Bulletin, stand by! Here is a Radio London news bulletin!
(The text of the preceding paragraph comes from one of those station IDs that were outtakes, heard on my Radio London bootleg album, released here officially for the first time. There’s one they didn’t reissue, where a voice with a rather exaggerated Mexican accent sings about the “numera una” station “een Lone-done, England”, concluding with that exceedingly white sounding choir intoning “Wonderful Radio London – ole!” A glaring omission, but, I understand why they left it off. We can live without it.)
So, what’s new here, besides that aforementioned handful of commercials from the studio sessions, boils down to two things: the entire contents of disc three, plus scattered tracks on the others which are “studio alternates” of songs you know, and disc five, which is Pete’s demos for the Sell Out material.
The demos are what they are, and as a Who collector, I’m always happy to hear them. Hearing Pete’s pure ideas in skeletal form, before that remarkable rhythm section got their mitts on them, is fascinating. I know the songs so well, so intimately, that to hear them in a different stage allows me to think about them in a new way. The demos for “Relax” and “Sunrise” suggest a whole other way they could have gone with the idea, the creative road not taken. I’m so into the original material, I enjoy hearing the ephemera surrounding its creation.
Actually, the same is true of all the studio alternate stuff. There are takes that didn’t make the cut, mixes where the bass and backing tracks are more prominent than the guitar you’re used to hearing. It’s not revelatory, mostly. “Why don’t you just listen to the finished version of that?”, someone asks. That person should stick to the single disc edition of this album from 1995 and save their pennies.
If there are few major surprises, there are still plenty of pleasures. The instrumental “Facts Of Life” is said to date from 1968 but to these ears, it sounds like an attempt to craft something that would work on Sell Out in its attempt to sound like all the different groups on the radio. Pete’s demo for the anti-smoking anthem attempt “Kids! Do You Want Kids?” is terrific. And there’s a take of “Call Me Lightning” where the band go into a furious jam for several minutes leading into a rave-up solo, that’s truly unexpected and one of the highlights of the set.
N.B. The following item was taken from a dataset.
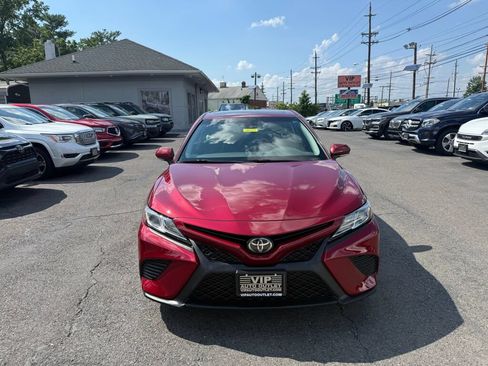 Used 2018 Toyota Camry SE w/ Moonroof Package FWD image 2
The whole thing is remastered, and sounds pretty good to my ears. I detect the instruments brought forward relative to the vocals, compared to the 1995, which I don’t mind. I occasionally notice a little touch of digital harshness, on the mono mix of the original album especially, which I don’t love. But the bonus material generally sounds good. The fact that this set includes UK mono mixes of their 1967-68 singles shouldn’t be that big of a deal, those mixes should be widely available. But I’ll take ’em where I can get ’em.
One friend was asking for my advice on whether to buy this set, and I told him it boils down to this. This set includes three different mixes of the John Entwistle-penned b-side “Dr. Jekyll and Mr. Hyde”. Based on that fact alone, do you feel like you need to own this?
Maybe you already own two of the three, on albums you already have.
But there is a third mix! And it’s interesting!
How does that make you feel? Incomplete?
Then you know what to do, I didn’t need to sell you on the idea at all.